• Dataset section
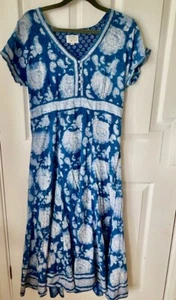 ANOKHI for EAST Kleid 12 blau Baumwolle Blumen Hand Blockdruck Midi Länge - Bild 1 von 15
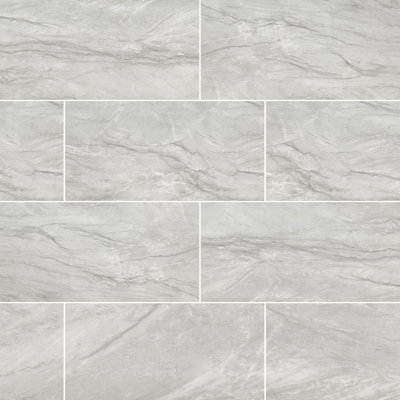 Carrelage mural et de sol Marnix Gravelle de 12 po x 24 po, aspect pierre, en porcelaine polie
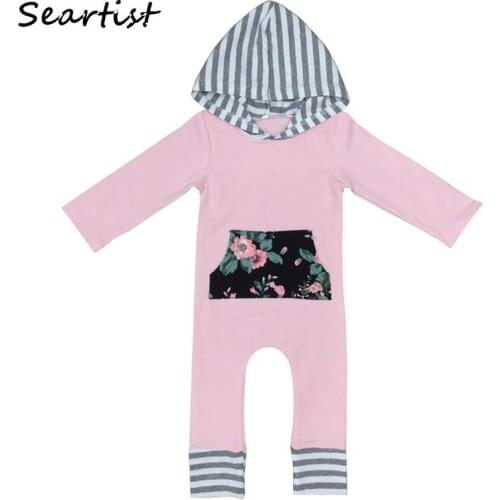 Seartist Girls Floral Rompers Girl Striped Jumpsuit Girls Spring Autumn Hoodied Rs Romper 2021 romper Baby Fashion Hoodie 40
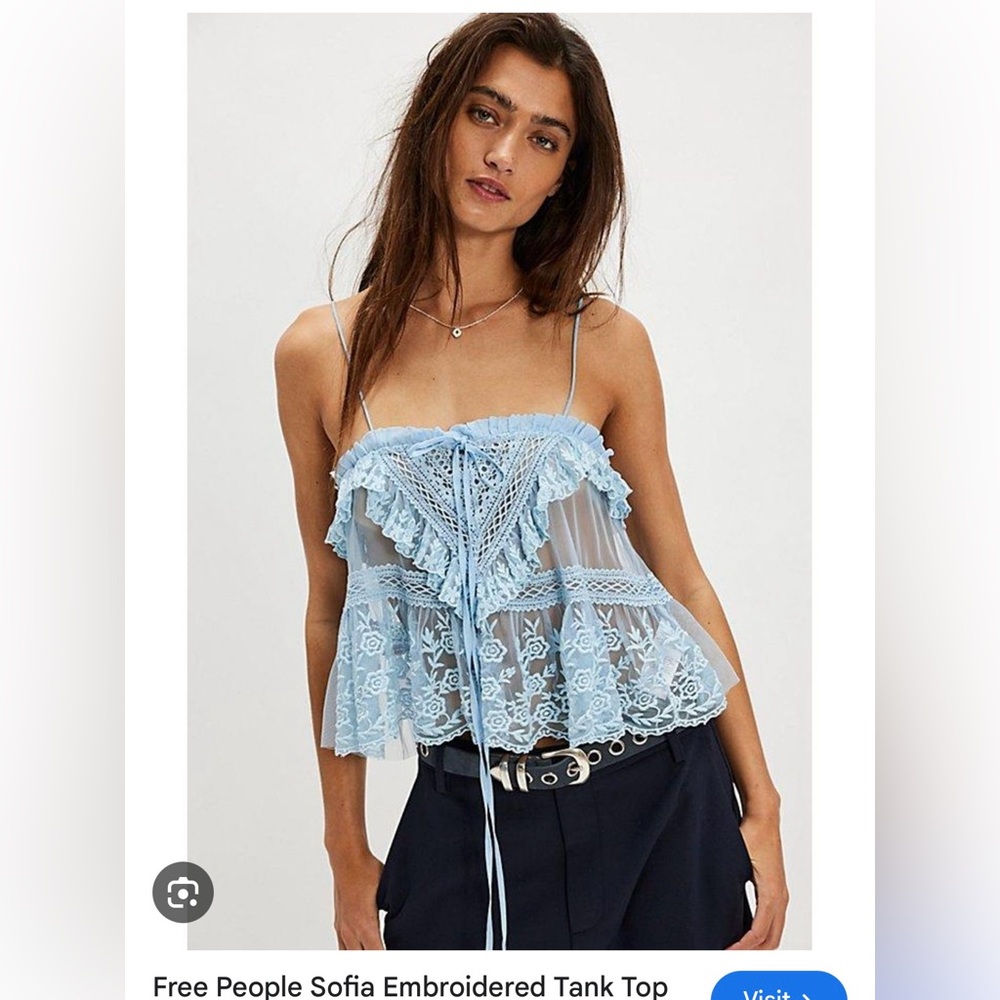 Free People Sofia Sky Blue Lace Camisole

• What the task asks
For this exercise, output only the lines from the one bearing "Carrelage mural et" to the end of the material above, exactly as written, with pictures left out.

• Expected output
 Carrelage mural et de sol Marnix Gravelle de 12 po x 24 po, aspect pierre, en porcelaine polie
 Seartist Girls Floral Rompers Girl Striped Jumpsuit Girls Spring Autumn Hoodied Rs Romper 2021 romper Baby Fashion Hoodie 40
 Free People Sofia Sky Blue Lace Camisole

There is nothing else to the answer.